Je suis sortie quatre fois. En moins d'une heure.
J'ai parlé à deux caissières et deux caissiers.
Deux flics aussi. Et j'ai fait deux entorses au règlement.
Ouais, les paires doivent me sembler rassurantes.
Au début, j'étais en colère. J'étais folle de rage. Révoltée. Contre quoi? Contre tout.
Le vide, la terre entière, les mensonges, le brassage d'air, mon impuissance, le manque d'humanité, le temps qui passe, le foutage de gueule, les politiques, notre inconscience, le connard qui klaxonne, l'état de la planète, les goûts musicaux de la voisine, le soleil, mon inaction, le chantier d'en bas. Contre les applaudissements. Ces applaudissements qui m'arrachaient des larmes, tous les soirs, à 20h tapante. Des larmes de colère. Évidemment. Alors 20h est devenu l'heure de la douche. Eau chaude réconfortante. Son à fond. Petit déhanché. Bras en l'air. Et voix criarde pour masquer leur rendez-vous quotidien. J'ai pleuré, dansé, chanté sous la douche. J'ai pleuré, dansé, chanté dans l'appart. J'ai pleuré, dansé, chanté sur le balcon. Je continue à danser et chanter partout. Je continue à être révoltée.
Il y a eu deux camps chez les confinés: les proactifs
et les pro-pas-actifs. J'ai essayé. De toute mes forces.
J'ai essayé encore. Durant cinquante cinq jours, j'ai essayé. Mais même aspirée par le canapé, je n'ai pas pu arrêter. C'est dramatique. Je ne sais pas m'ennuyer. Ça ne s'arrête jamais. Ce truc, dans ma tête. Ce truc ne s'épuise jamais. A droite. A gauche. Haut. Bas. Bas. Haut. Gauche. Droite. Droite. Gauche. Assis. Debout. Couché. Debout. Maladresse. Ramassage. Tiens, c'est quoi ça?

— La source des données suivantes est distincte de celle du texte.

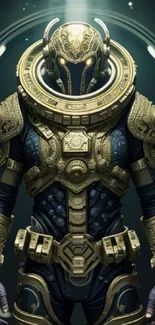 Futuristic astronaut in gold armor with intricate design elements.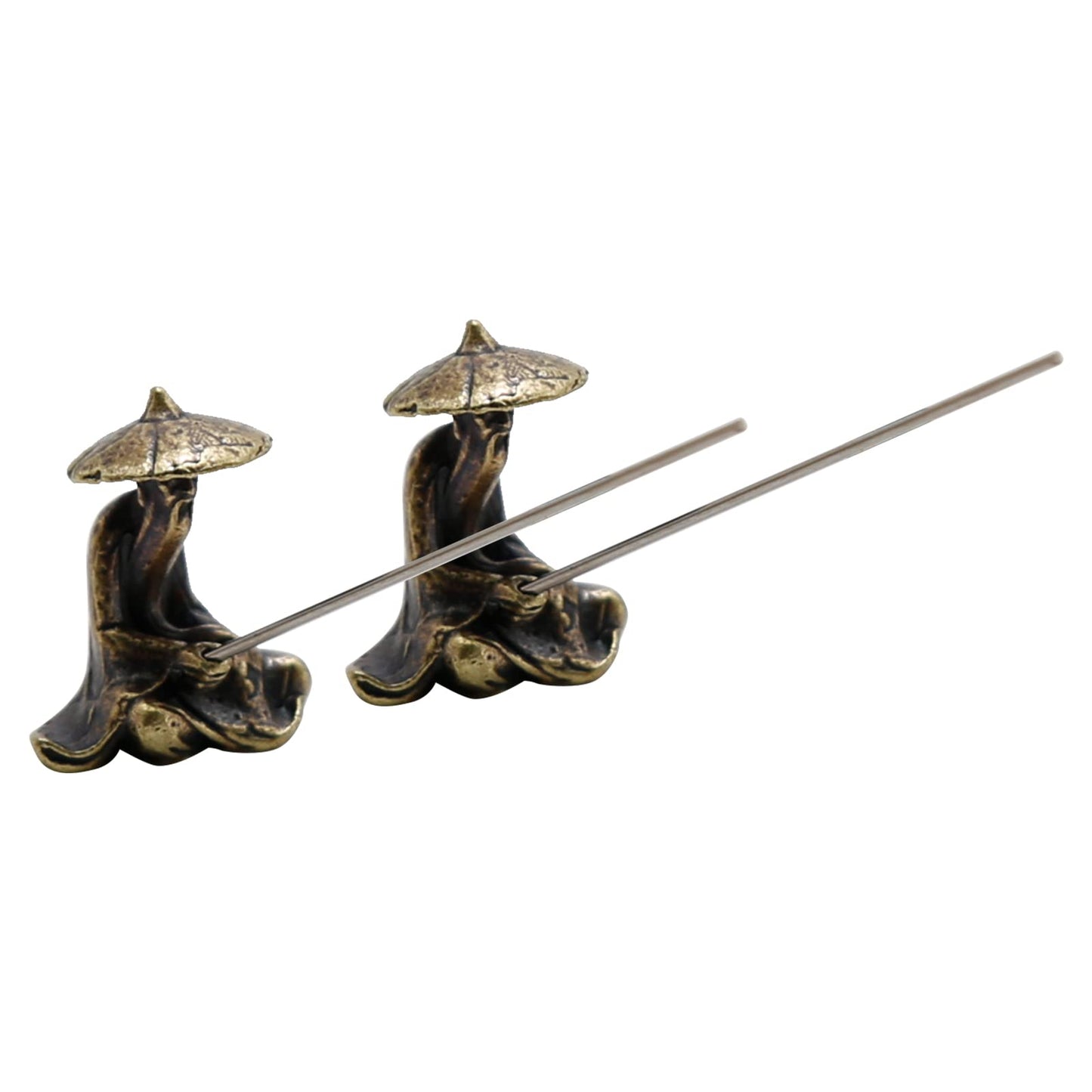 MDEOOSKY 2pcs Miniature Garden Decoration Set, Copper Fisherman Figurines, Kiang Taigong Fishing Models, Chinese Mudman Sitting Fishing for Garden & Patio Micro Landscape Yard Bonsai Decoration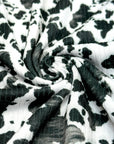 (4X2 YUMMY RIB) SMALL BLACK COW FUR PRINT ON OFF WHITE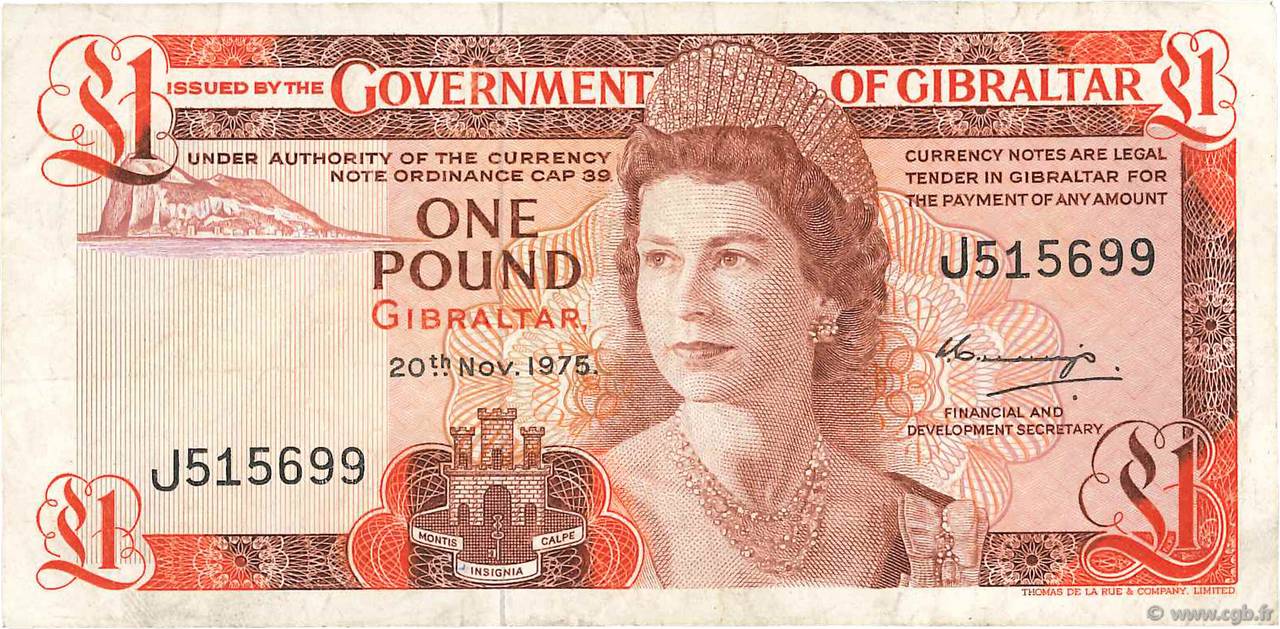1 Pound GIBILTERRA  1975 P.20a MB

Où j'ai mis mon verre? Une miette sous le pied. Ménage. Lecture. Névralgie. Yoga. Sieste? Ah non, ça veut pas. Une voix. Lecture. Dessin. Podcast. On essaie de planter ça? Photo. MOOC. Cuisine. On bouge les meubles? Vendre. Louer. Partir. Rester. Trier. Oh, le chat. Maladresse. Téléphone. Téléphone. Téléphone. Téléphone. Valse. A mille temps, évidemment. Méditation. Et ça continue encore et encore, c'est que le début d'accord, d'accord.
J'écris des trucs la nuit. Depuis toujours.
C'est fou. Je me demande si le monstre sous mon lit n'a pas élu domicile dans ma tête avec le temps. C'est sûrement plus cosy.
Il y en a qui ont des listes de courses en notes dans leur téléphone. Moi, j'ai des petits encadrés à titres : La nuit. Les clans. La colère. Sortir. Diptyque. BARNAC. Parce que mon cahier de brouillon bleu, aux feuilles grisâtres, tu sais, le même que celui pour les problèmes de maths. Bah, il se promène beaucoup. Et lorsque par chance, il est là, le stylo ne l'est évidemment pas. Sortir de sous la couette reviendrait à laisser les mots, comme la chaleur, s'envoler. Simplement intolérable.
Alors j'écris des mots de lumière, la nuit. Des mots qui n'ont plus aucun sens à la lumière, le jour.
Et demain, on sort.
Fini le maillot de bain toute la journée. Demain. On sort.